:: TASK TO CARRY OUT ::
Return an exact copy of the data, starting at its first line and ending at the line that contains "Relational division with a", minus any pictures.

:: INFORMATION PROVIDED ::
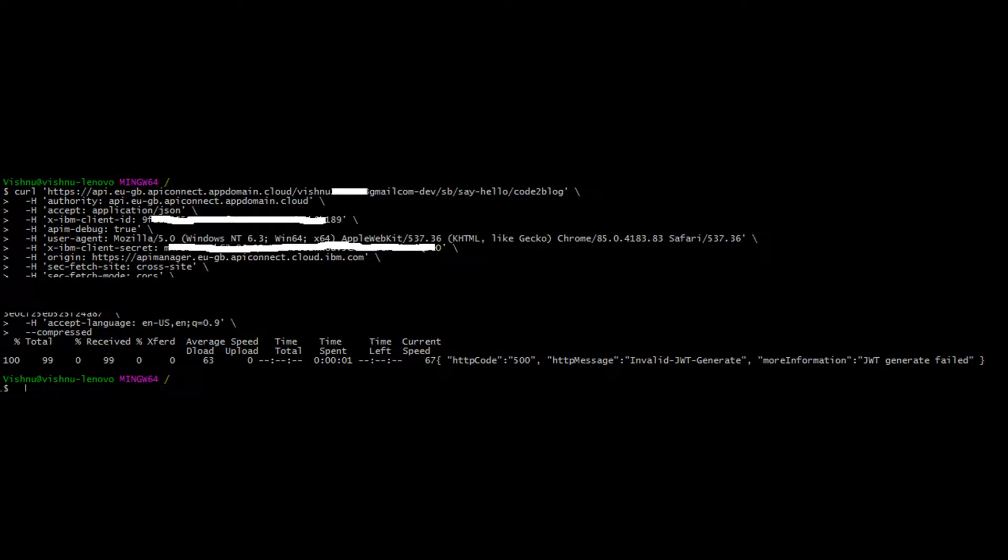I then test the same API with curl command. Here I get to see the actual response of HTTP code 500. It says JWT generate failed. It was not a CORS issue at all. Let's go fix this now.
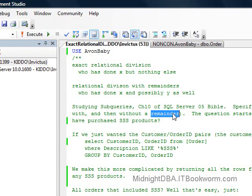Relational division with a remainder is a little less specific and more useful, generally speaking. Exact relational division asks, for example, who has done X but absolutely nothing else? In my example: who has bought SkinSoSoft products but nothing else? That can be useful. But you may also be interested in anybody who bought SkinSoSoft products and the other things they've purchased as well — that's relational division with remainders.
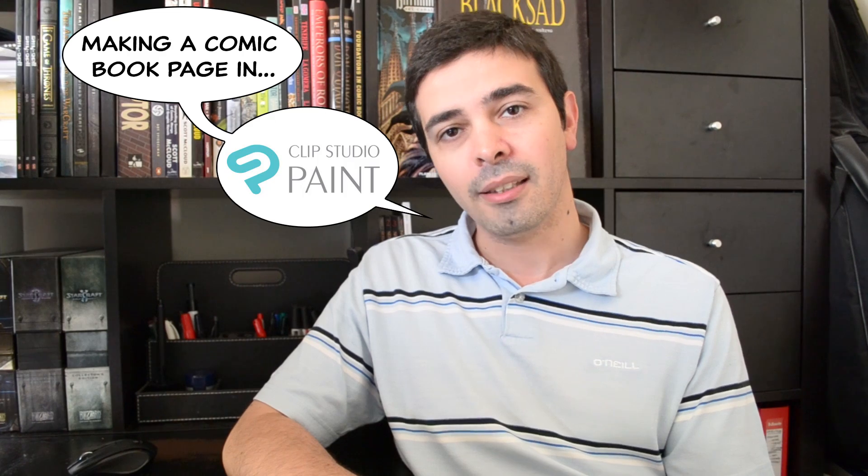Hey guys, my name is David Arroggio and today we're going to be looking at how to make a comic book page in Clip Studio Paint.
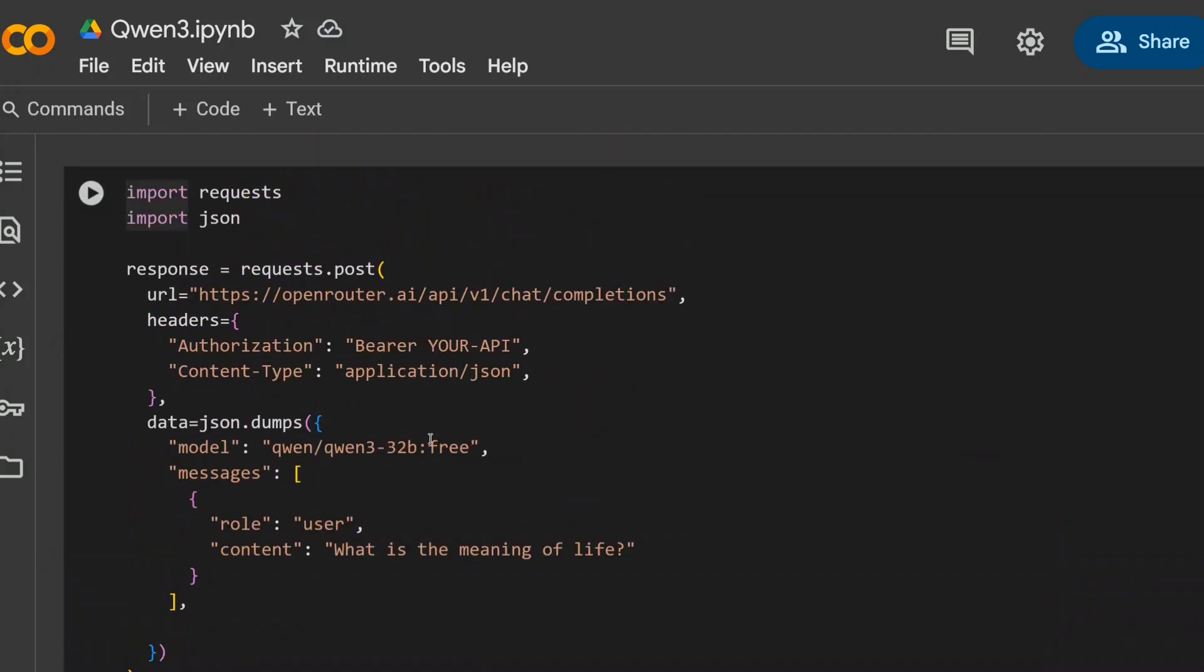So these are the ways in which you can use Quen3 for free without paying a single penny. And every alternate, you can use it in chat UI, you can use its weight, you can use its API. Everything is free. So what's stopping you from using the state of the art models? Do try it out now and let us know in feedback how you feel about the new release models. Thank you.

:: RESPONSE BELOW ::
I then test the same API with curl command. Here I get to see the actual response of HTTP code 500. It says JWT generate failed. It was not a CORS issue at all. Let's go fix this now.
Relational division with a remainder is a little less specific and more useful, generally speaking. Exact relational division asks, for example, who has done X but absolutely nothing else? In my example: who has bought SkinSoSoft products but nothing else? That can be useful. But you may also be interested in anybody who bought SkinSoSoft products and the other things they've purchased as well — that's relational division with remainders.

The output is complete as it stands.